Flexible Contract Mechanisms
The new generation of EPC and BOT contracts has seriously incorporated clauses like Force Majeure and Hardship Clauses to allow adjustments in project schedules or financial models in the face of unpredictable conditions. This flexibility itself serves as a form of crisis insurance.
Strategic Implications for Iran’s Industry
Iran's construction market presents a significant opportunity due to the large volume of infrastructure projects. However, it is highly vulnerable to crises due to reliance on traditional contracts and limited financial resources.
Opportunities
Digital Integration
The introduction of technologies like BIM, Digital Twin, and AI is becoming not only a crisis management tool but also a requirement for increasing project efficiency.
In times of crisis (e.g., delays in steel supply or currency fluctuations), these tools facilitate scenario simulation and the selection of optimal decisions (such as adjusting supply routes or rescheduling).
Global experience: In the Dubai Metro project, the use of BIM reduced costs associated with supply chain crises by 15%.
For Iran: These technologies can bridge the technological gap and enhance Iran's participation in international projects.
Establishing Risk Management Units
Many Iranian companies still view crisis management as an ad-hoc task rather than an organizational structure.
Creating a "Risk Management Unit" at the organizational level can ensure constant monitoring of financial, legal, and operational risks and report directly to the board of directors.
This structure has been in place in multinational companies (like Bechtel or Vinci) for years and has become a competitive advantage.
Aligning with International Standards
Standards like ISO 31000 (Risk Management) or the PMI Risk Standard are not only checklists but also a common language for international cooperation.
Practically, if Iranian companies want to participate in joint projects with Turkey, Qatar, or even Central Asian countries, they must implement these standards.
The key opportunity is that by adopting these standards, Iranian companies can prepare themselves for attracting foreign investment and international partnerships.
Risks
Losing Technical and Engineering Service Export Markets
Neighboring markets (Iraq, Afghanistan, Central Asia) are rapidly aligning with global standards. If Iranian companies fail to provide professional crisis management, competitors like Turkey and China will dominate these markets.
Example: In Iraq’s infrastructure projects, Turkish companies have reduced Iran’s market share significantly by offering standardized risk management models.
Inability to Attract Foreign Investment
International investors (banks, funds, and private companies) assess a project’s resilience and crisis management before entering construction projects.

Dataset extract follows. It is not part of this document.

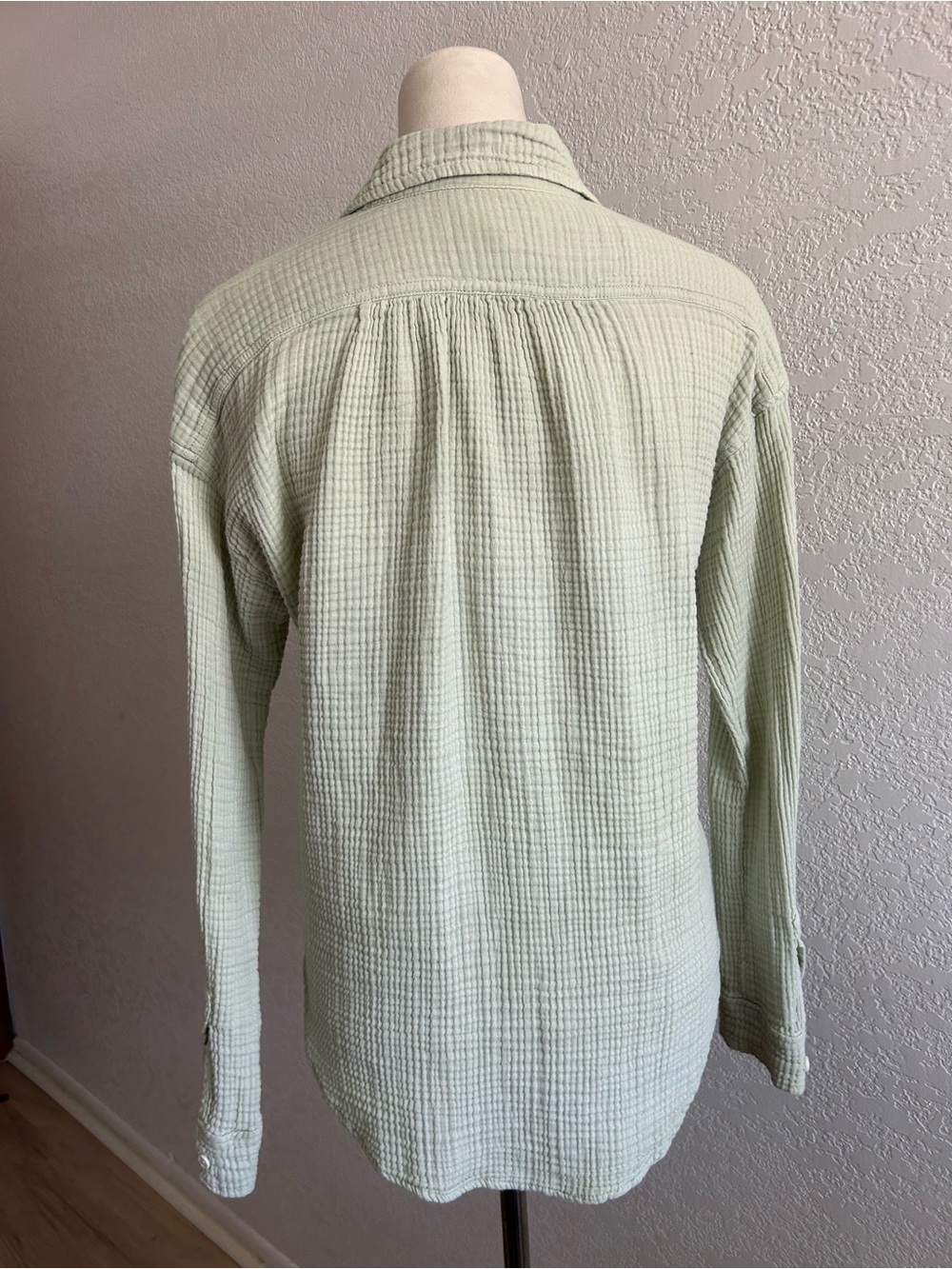 Lou & Grey Mint Gauze Textured Cotton Fabric Long Sleeve Button Up Blouse Top - Picture 4 of 6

A lack of financial transparency and risk management structures causes Iranian projects to receive low ratings in investor evaluations.
This means projects must rely entirely on domestic financial resources, limiting growth and development.
Weakening International Reputation
In today’s construction industry, a company’s brand is not only tied to the quality of execution but also to its ability to manage crises.
In international projects, an unresolved crisis (e.g., delays or contractor bankruptcy) can destroy a company’s reputation for years.
For Iranian companies, this is a serious risk because the regional market is highly competitive, and a blemish on the record can cost future contracts.
Conclusion
Crisis management in construction projects is no longer a secondary skill for project managers but an integral part of the overall project architecture. The future of this industry belongs to organizations that can use crises not as threats, but as opportunities to redesign mechanisms, build financial and organizational resilience, and even create competitive advantages.